• **AIM OF THE EXERCISE**:
When you copy the material below, keep every line exact and leave each picture out.

• **DATA BELOW**:
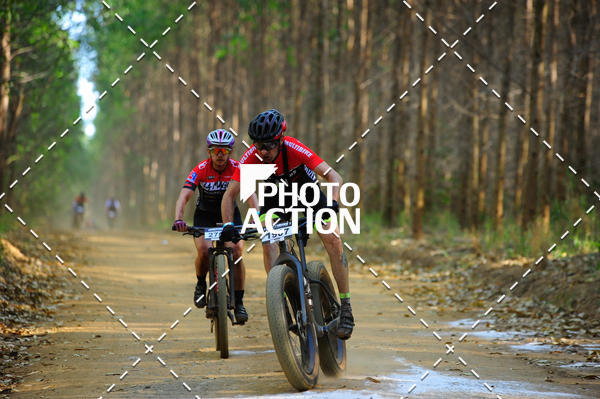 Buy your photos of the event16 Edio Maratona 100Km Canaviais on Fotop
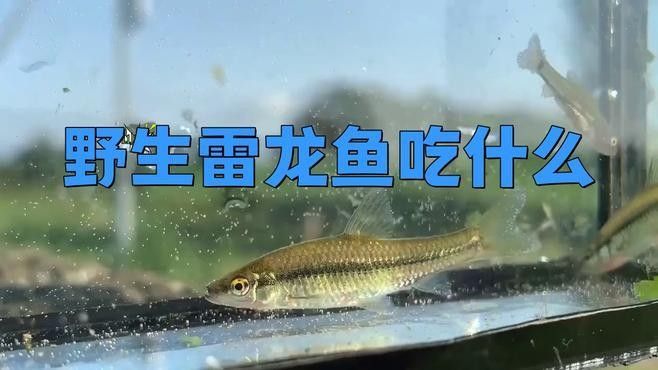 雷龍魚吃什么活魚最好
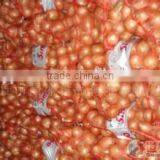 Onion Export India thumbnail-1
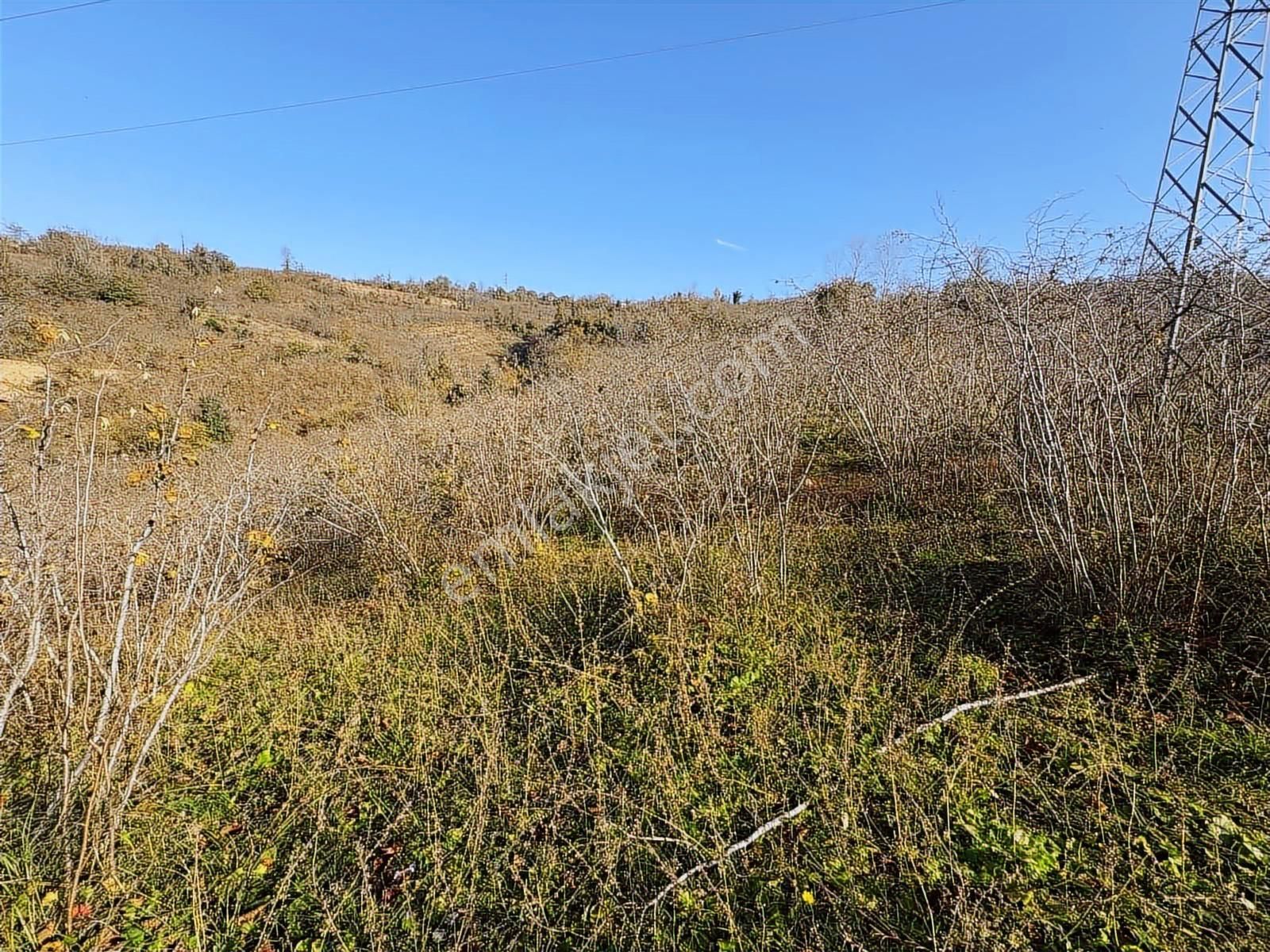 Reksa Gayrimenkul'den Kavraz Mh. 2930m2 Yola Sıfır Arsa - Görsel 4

• **RESULT BELOW**:
 Buy your photos of the event16 Edio Maratona 100Km Canaviais on Fotop
 雷龍魚吃什么活魚最好
 Onion Export India thumbnail-1
 Reksa Gayrimenkul'den Kavraz Mh. 2930m2 Yola Sıfır Arsa - Görsel 4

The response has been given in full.